Most people only travel through time to alert themselves to future dangers, to save loved ones, or conceive themselves in confusing time paradoxes.  However, a man who travels through time solely for consensual sodomy and prostitution sounds like a winner in my book.  I think this is very definition of using your powers for the greater good.  I’m sure there are many historical figures who would have benefited from the erotic enlightenment that a time travelling sex-monger would provide.  Perhaps Catherine The Great wouldn’t have resorted to horses if someone had bought her a Rampant Rabbit.  Maybe Hitler’s eugenics program wouldn’t have got a tad out of hand if he realised the sexual potential of other creeds through a pop-up Karma Sutra.  What I’m saying is, sexually satisfied people are happy people, a fact which might alter the course of history.

Think about it.  How could you have a 100 year war when all the combatants have had Viagra crunched up into their water supply?  It would make charging an enemy flank a little uncomfortable.

The time machine I'm working on.  Project Sex Sleigh.


Perhaps this thought has struck me more since I’ve recently started watching Heroes.  Yes, I know I’m so out of date it hurts, however one of the main characters from the show can travel back and forward through time.  He tries to impress a girl using his powers and, although she thinks he is a creepy magician at first, eventually she falls for him.  I believe that Hiro is a pioneer, however, I intend to refine his technique further.  I would go back to prehistoric times and get my swag on.  I’d wear my best suit and take with me some razors, lube, aphrodisiacs and several bottles of tequila.  Once I indoctrinated the people using these items I would create an erotic revolution, turning Homo Sapiens into Homo Erectus.  Unfortunately, I’ve yet to develop this super power, so I’ll put this plan on the backburner for now.

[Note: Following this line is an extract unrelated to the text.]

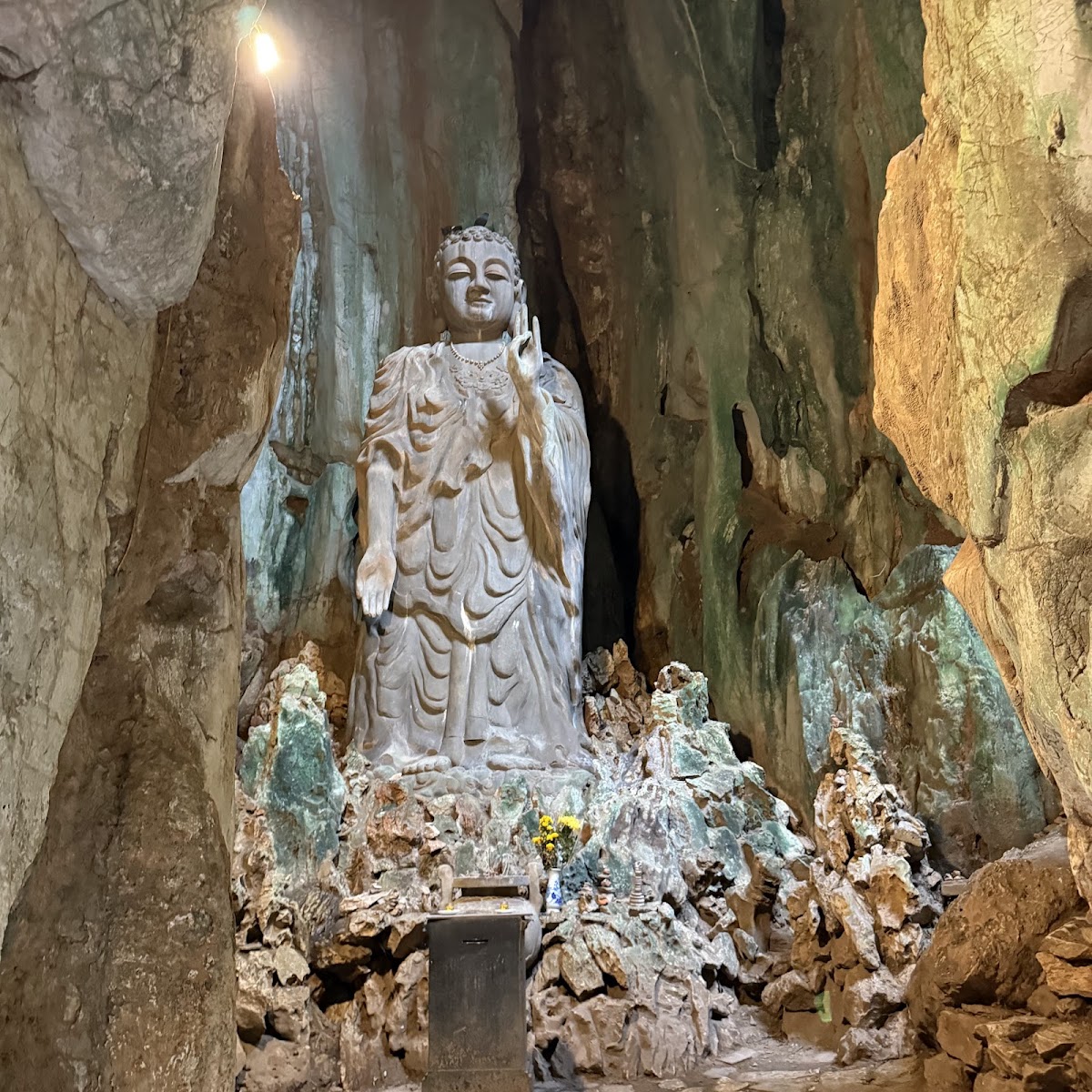 Động Tang Chơn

When time travel becomes a viable future technology, I vow to use this advancement to go back in time and make love to the all-time classic beauties of history.  I will recruit Helen of Troy, Cleopatra, Joan of Arc and Lindsay Lohan into my harem.  Please bear in mind that I only do this for the benefit of mankind.  My sexual sacrifice will ensure a peaceful and prosperous world for you all, so you should support my endeavours and help me build my time machine.  I need your donations!  Quick, before my shower runs out of cold water!

12 comments:

  1. As much as I loved Heroes I can't remember Hiro trying to score using his powers. I do think that time traveling buggery probably would do a lot of good. I'm not really for spam but I am all for something like that. We must begin!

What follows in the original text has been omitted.